What better place for a charter school than on a university campus, where innovative methods could be used to help impoverished children meet their potential?
Yet two weeks before the start of school, the venture has come crashing down, leaving the Hillsborough County School District to pick up the pieces.
Equally troubling is the grade given USF's charter school - "F." Such performance is hardly what you'd expect from a school under the auspices of a university that brags about having one of the best graduate-education programs in the country.
As it turns out, poor planning and a troubling lack of oversight doomed the USF-Patel Charter School from the start.

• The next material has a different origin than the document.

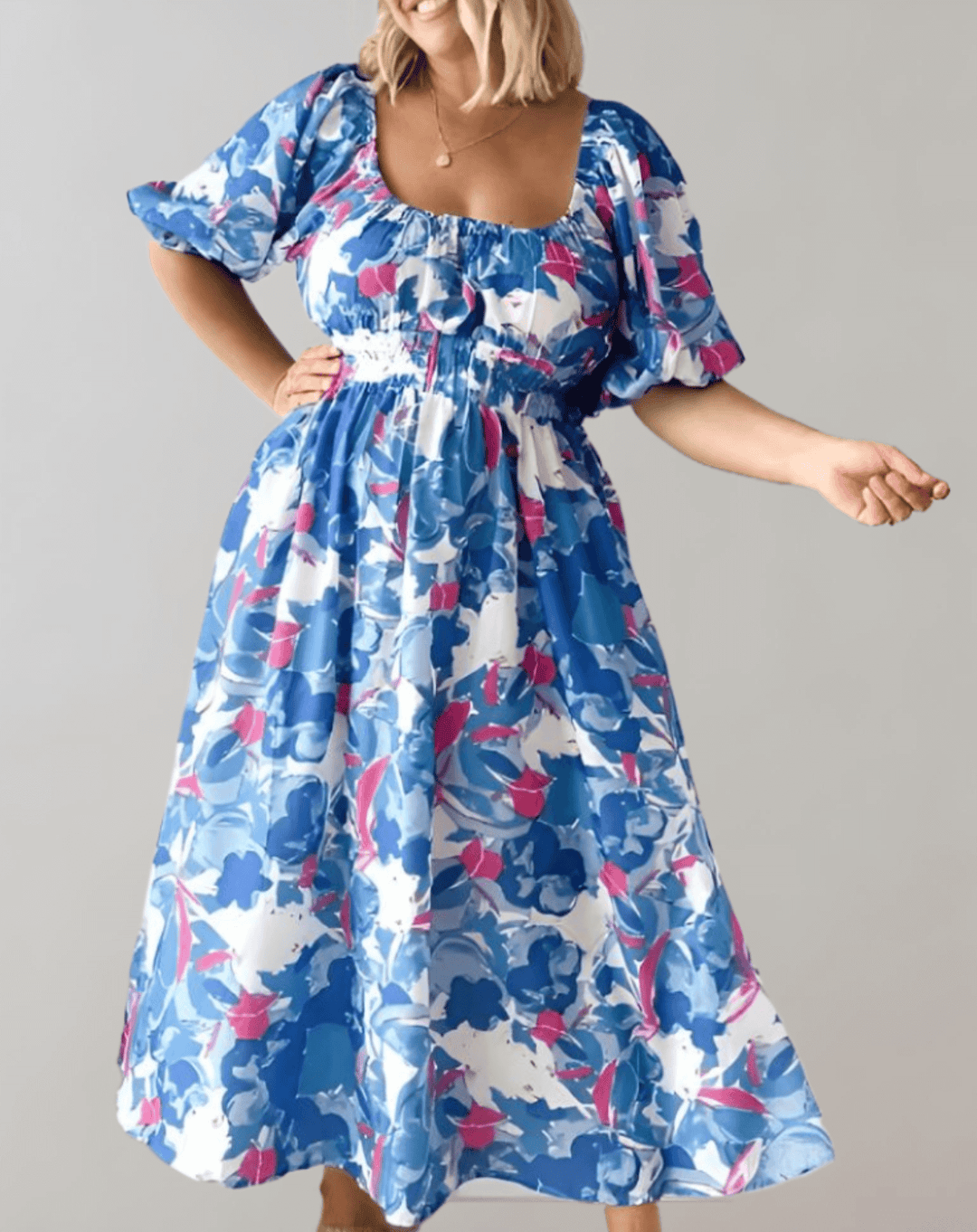 Women's Summer V-Neck Midi Dress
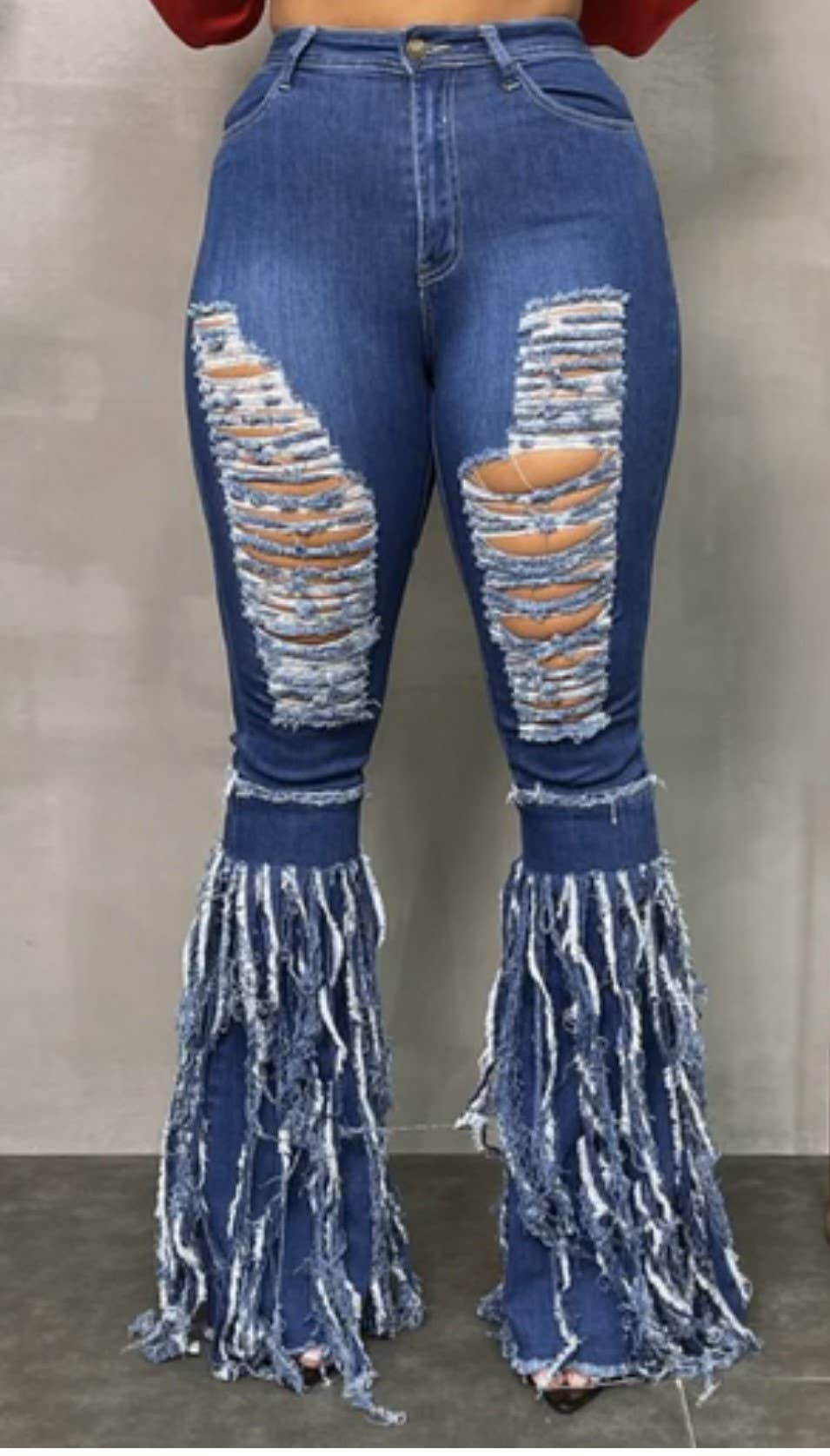 JBLA FASHION - Wholesale Jeans - Women's - DISTREESED BELL BOTTOM JEANS3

When the school opened in 1998, university leaders called it a new concept in education, an alternative for at-risk students living in the impoverished neighborhoods around USF. They promised students would have access to the latest training and that the school would be a teaching laboratory for students majoring in education.
But USF educators and administrators failed to account for the limited funding formula for charter schools. Neither did they anticipate state prohibitions against spending state money on an independent entity.
As a result, the school suffered a ridiculous amount of turnover. Principals came and went. So did teachers. The school couldn't afford the veteran teachers needed to help students who have trouble learning. Neither could it pay for the after-school programs that can make a difference in student performance.
In 2006, Hillsborough Superintendent MaryEllen Elia moved to cancel the charter school's contract due to poor performance, but USF made more big promises.
The school stumbled along until this summer, when the state issued its failing grade. This week, its principal abruptly retired and its board dumped its responsibilities back on the public-school district, saying there was little chance the charter school would improve in the upcoming school year.
The university should have planned an orderly exit. Instead, its last-minute announcement put the school district in a mad scramble to find a principal, hire teachers and organize classes before students return Aug. 18.
The 225 children who attend this school deserved better from USF.
At the very least, they deserved a learning environment free of chaos and disorganization - especially since many of its students struggle with chaos in their homes and neighborhoods.
USF leaders would have you believe they didn't know the school was failing students, particularly those in the fourth and fifth grades who posted dismal scores. That claim is perhaps the most shameful.
Not knowing that students are failing is the ultimate act of negligence, for it is the job of educators to know how their students are doing.
The sad saga of the USF-Patel school is a black eye for the university.
Worse, this debacle is an injustice to the children USF promised to serve.